In the case of Directors, etc. who meet the beneficiary requirements established under the director stock benefit rules, the Directors, etc. concerned shall receive the granted points equivalent to the accumulated number of shares from the Trust in principle every three years on a fixed date during the trust period, through established procedures for the designated beneficiaries. However, in the case when Directors, etc. retire, they shall receive from the Trust after the period necessary for benefit procedures following retirement.
In addition, in the case of Directors, etc. who meet the beneficiary requirements established under the director stock benefit rules, Directors, etc. shall receive money in place of a certain portion of the Company’s stock benefit converted at the market price. For this monetary benefit to be provided, there may be cases when the Company will sell Company shares from the Trust.
In accordance with instructions from the trust administer, the voting rights represented by the Company’s shares held in the Trust’s account shall not be exercised without any exception. Adopting this approach is aimed at ensuring neutrality in the management of the Company with respect to the exercise of voting rights represented by the Company’s shares held in the Trust’s account.
The Trust shall receive dividends from the Company’s shares held in the Trust’s account and shall use them for payment to acquire the Company’s shares and for trust fees, etc. for the trustee of the Trust.
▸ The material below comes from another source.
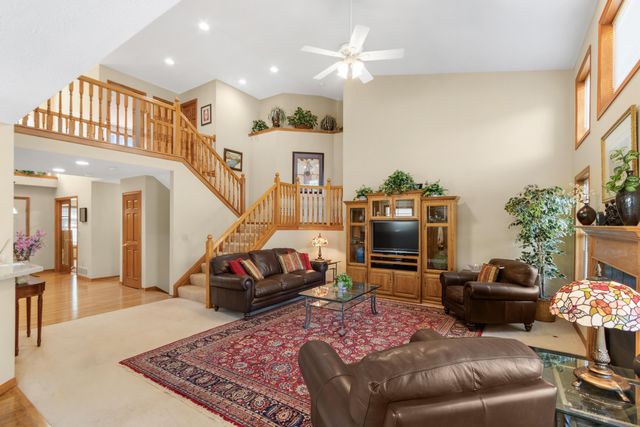 2059 Alum Village Drive, Lewis Center, OH 43035
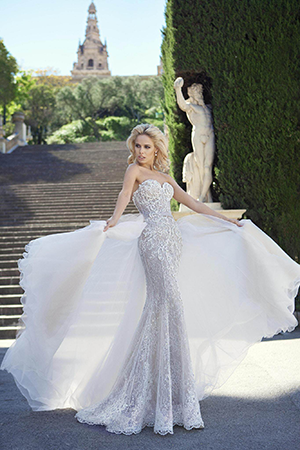 При покупке оно обойдется в 60 тысяч рублей, а на доске объявлений Врэнто точно такой же наряд стоит вчетверо меньше — всего 15 тысяч! Ну какое свадебное платье вы сможете купить за 15 тысяч рублей — что-нибудь простое и скучное?А может, лучше арендовать за те же деньги дорогое платье от кутюр? В нем невеста будет выглядеть и, что главное, чувствовать себя на миллион! Все просто и выгодно!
In addition, in the event the Trust is terminated, dividends remaining in the Trust shall be distributed to Directors, etc. in office at that time, in accordance with the provisions of the director stock benefit rules.
The Trust shall terminate in the case of a delisting of the Company’s shares or the termination of the director stock benefit rules, etc.
Of the remaining assets in the Trust upon termination of the Trust, after the Company acquires the remaining Company shares at no charge, the Company plans to cancel them after resolution by the Board of Directors. Of the remaining assets in the Trust upon termination of the Trust, the remaining amount of money as described in (9) above excluding the money provided to Directors, etc. shall be distributed to the Company. (For the purpose of providing for expenses, etc. during the trust period and apart from funds for the acquisition of shares, Company plans to contribute only the remaining cash reserve.)